Os profissionais da área de Educação são, sem dúvida, os responsáveis pela formação de qualquer especialista e pelo desenvolvimento de qualquer nação. E para garantir boas condições de ensino e os direitos desses trabalhadores é que foi criado o Plano Nacional de Educação (PNE), em 2014. O projeto, que contempla 20 metas, determina diretrizes e estratégias para a política educacional até o ano de 2024.

A meta 18 tem o objetivo de “assegurar a existência de planos de carreira para os profissionais da Educação Básica e Superior pública de todos os sistemas de ensino e, para o plano de Carreira dos profissionais da Educação Básica pública, tomado como referência o piso salarial nacional profissional, definido em lei federal, nos termos do inciso VII do art. 206 da Constituição Federal”.

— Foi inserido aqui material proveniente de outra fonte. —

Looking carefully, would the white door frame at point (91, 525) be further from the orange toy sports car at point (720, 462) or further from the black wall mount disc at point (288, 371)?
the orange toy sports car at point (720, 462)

Conforme dados do Sistema Integrado de Monitoramento, Execução e Controle (SIMEC), do Ministério da Educação (MEC), dos 853 municípios de Minas Gerais 81 declararam não possuir PCR e manifestaram interesse em elaborar, contra 402 que declararam possuir o plano de carreira dos servidores da educação, em vigência. Sendo assim, a situação de 370 cidades é desconhecida e isso representa mais de 43% de Minas Gerais.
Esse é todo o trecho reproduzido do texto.